Toward Efficient and Robust Behavior Models for Multi-Agent Driving Simulation
This work addresses the problem of scalable and realistic simulation for autonomous driving systems, representing an incremental improvement through novel architectural and training optimizations.
The paper tackles the challenge of creating efficient and realistic behavior models for multi-agent driving simulation by optimizing individual traffic participant control with an instance-centric scene representation and query-centric symmetric context encoder, achieving significant reductions in training and inference times while improving positional accuracy and robustness over baselines.

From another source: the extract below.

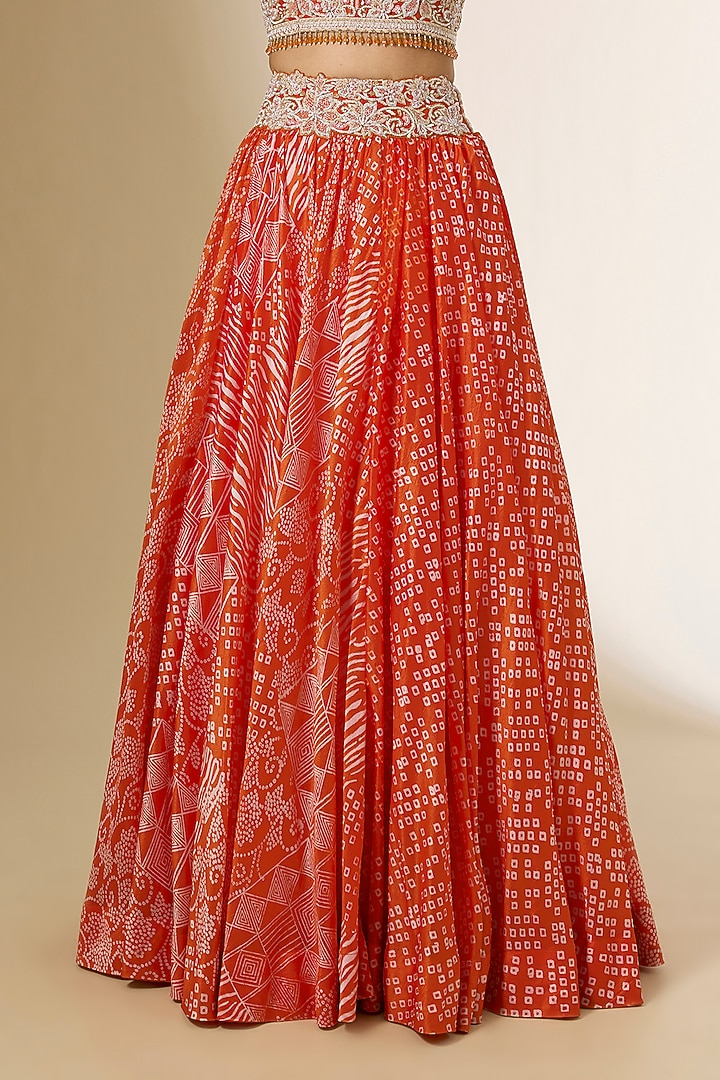 Orange Kora Silk Printed Wedding Lehenga Set by Prisha's at Pernia's Pop Up Shop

Scalable multi-agent driving simulation requires behavior models that are both realistic and computationally efficient. We address this by optimizing the behavior model that controls individual traffic participants. To improve efficiency, we adopt an instance-centric scene representation, where each traffic participant and map element is modeled in its own local coordinate frame. This design enables efficient, viewpoint-invariant scene encoding and allows static map tokens to be reused across simulation steps. To model interactions, we employ a query-centric symmetric context encoder with relative positional encodings between local frames. We use Adversarial Inverse Reinforcement Learning to learn the behavior model and propose an adaptive reward transformation that automatically balances robustness and realism during training. Experiments demonstrate that our approach scales efficiently with the number of tokens, significantly reducing training and inference times, while outperforming several agent-centric baselines in terms of positional accuracy and robustness.